Every day some hater or detractor will pop out of the bushes and test your mettle. It can be a stranger you just cross paths with. It may be a hostile coworker or three. It can even be a friend or a family member. The worst of them all is when it’s yourself.

There are a few important questions to ask as we learn to process these negative interactions.

#1. Is it me or is it them?

I always start reflecting on a low value interaction by asking this question. How’s my body language? I may have said all the right things with genuine intentions, but my body or my vocal tonality may have told an entirely different story. Perhaps this person is still harboring resentment over a previous negative or low value interaction we’ve had. Maybe they are having a tough day emotionally.

Maybe they are just an asshole. Quite possibly this person is just a low value person and nothing you say or do will make them happy or even content. There are a lot of miserable people in the world. Beware of them because these types are magnets for drama. They are generally losers that you will not want to be associated with.
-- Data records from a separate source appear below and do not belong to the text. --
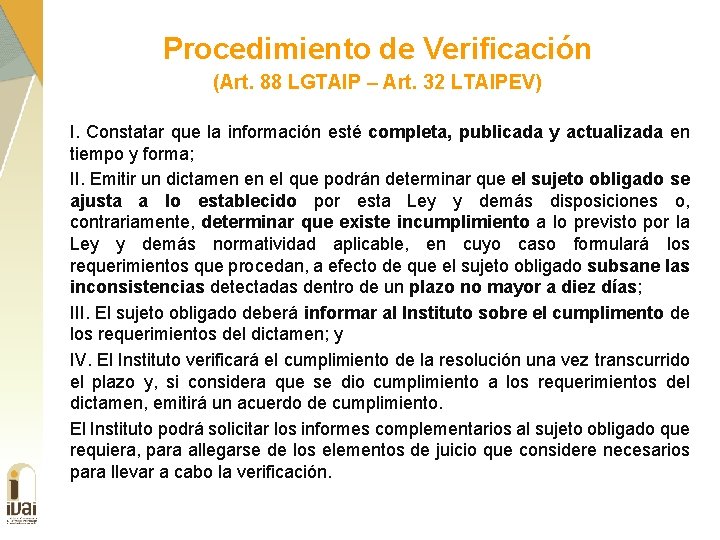 Procedimiento de Verificación (Art. 88 LGTAIP – Art. 32 LTAIPEV) I. Constatar que la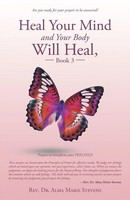 Heal Your Mind And Your Body Will Heal, Book 3 Healing Fears And Phobias Stevens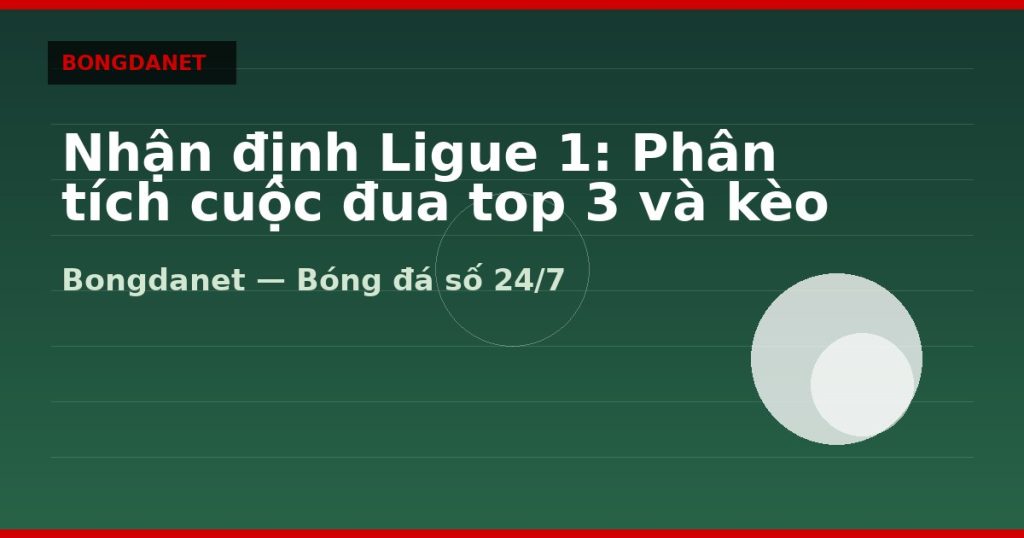 Nhận định Ligue 1: Phân tích cuộc đua top 3 và kèo — nhận định ligue 1 | Bongdalu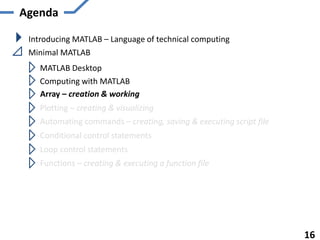 Agenda
Introducing MATLAB – Language of technical computing
Minimal MATLAB
MATLAB Desktop
Computing with MATLAB
Array – creation & working
Plotting – creating & visualizing
Automating commands – creating, saving & executing script file
Functions – creating & executing a function file
16
Conditional control statements
Loop control statements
I’ve heard it said that we are all an average of the five closest people in our lives. Do you want twenty percent of that perceived average to be coming from a person with zero percent value? Your own value quality average will cap at eighty percent with just one asshole close to your life.
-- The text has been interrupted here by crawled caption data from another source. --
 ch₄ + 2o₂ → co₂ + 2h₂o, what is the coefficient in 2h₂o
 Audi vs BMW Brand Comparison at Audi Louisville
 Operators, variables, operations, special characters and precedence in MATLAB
When you have to ask yourself “Is it me or them?” often with just one person and rarely elsewhere then you are dealing with someone else who may be the problem and not yourself.

If you have to ask it often with different people look for ways to continually assess yourself. Look for opportunities of improvement in yourself. Are you talking too much and not really listening? Do you brag about meaningless stuff? Are you good at showing genuine positivity and appreciation to those you interact with? Continually perform checks on how you are carrying yourself. Check your surroundings, your job, your social circles and look for consistencies in the inconsistencies of negative interactions.
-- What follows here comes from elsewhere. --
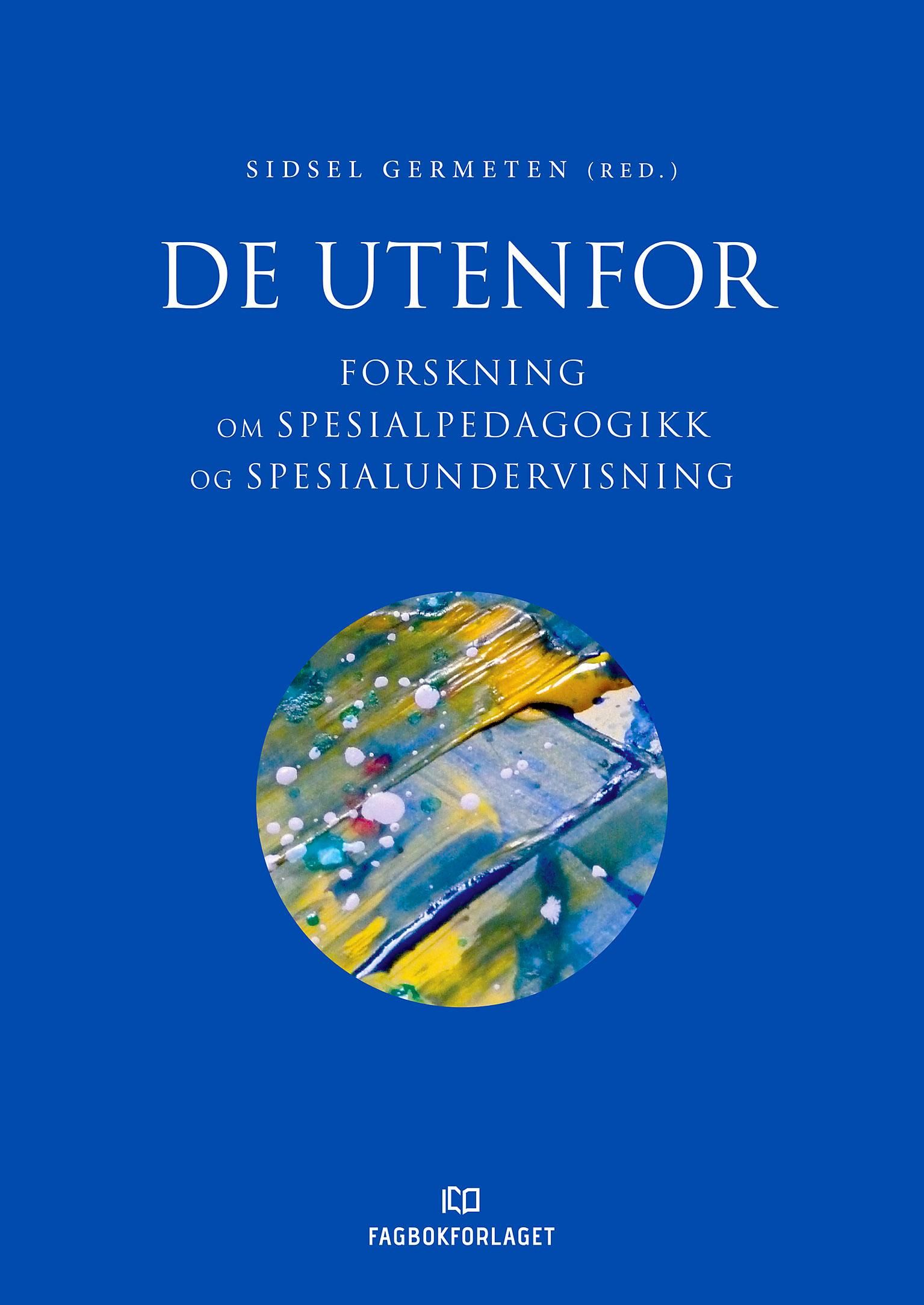De utenfor - forskning om spesialpedagogikk og spesialundervisning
#2. What is the feedback I am receiving? Does it even matter?

“People have been talking about you.” “So and so doesn’t like you.” “I do not respect you.” These are some of the things I have heard recently despite my best efforts to walk a positive path in life.

Usually this type of feedback comes from the aforementioned haters. Take what they say with a grain of salt if at all. They may have heard genuine negative buzz about you. They may have even created it through perpetuating gossip and commiserating. We all vent at times. Sometimes one of your friends, associates, or even your companions will dish negatively on you to your detractors. The friend just needed an ear to vent some steam to in a low value moment of their own. We all have them. The detractor will use this as ammunition to try to knock you down a few rungs

Forgot the detractors. You will not interact with them unless absolutely necessary and you will do so in a minimalist and dispassionate fashion. Lets ‘s move past the haters to those who really matter.

If the people talking are truly of value then they will bring the feedback to you directly. Sometimes you have to dig and have a real conversation to get the goods. Be prepared. You may not like what you hear, but you need to hear it. Knowing how you are perceived by trusted others will allow you to adjust your own game plan to become the person you want to be. You may not make the exact adjustments your advisor is suggesting, but you will feel better prepared to adjust your own self accordingly if you determine it is needed.

Remember the point is chasing your happiness and not someone else’s.

#3. What did I learn from this?

Did I forget to smile when I said hello to that feisty coworker? Did I forget to cut this person who is incessantly negative and always taking out of my life? Does my breath smell bad preventing me to connect?

You may take some strange and sometimes funny things away from your reflections. You may ask what you’ve learned and realize it was absolutely nothing. When you find those areas where you can and want to improve you will feel good about the progress you are making. This is much better than the alternative of wondering why this person does not like you.

#4. How do I get as quickly as possible back to my happiness?

Two statements that will inevitably make it easier to find your happiness. You will not please everyone and not everyone will like you. I’m not sorry for telling you the truth. Get past this and improve your time and emotional input with those who really matter.

I’m reading Tim Ferriss’s 4-Hour Work Week right now and he claims eighty percent of our problems come from twenty percent of the people in our life. Inversely he goes on that eighty percent of our happiness also comes from twenty percent of the people in our life. What if we all spent one hundred percent of the time with the latter and completely cut off the former? That sounds like a recipe for happiness to me.

My happiness starts with myself. If I start my day with a stretch, relaxed and smiling, my day will most likely continue and end like that. If I start my day hunched over and growling at people they generally will reply in kind. If the happiness gets derailed and I find myself in a negative interaction I try to recover and get back on track to happiness as quickly as possible. If I mess up I own it and apologize. This not only makes me happier, but it goes a long way in terms of interpersonal development.

As I chase happiness I try to avoid drama. I try to recover both emotionally and socially from it when it inevitably happens. I must maintain my relentless optimism even when things don’t look very good. I try to stay above the neutral emotional baseline{1} even when a haters drops down from the trees like ninjas to crap on my day. I can seize my happiness. I believe you can do it as well.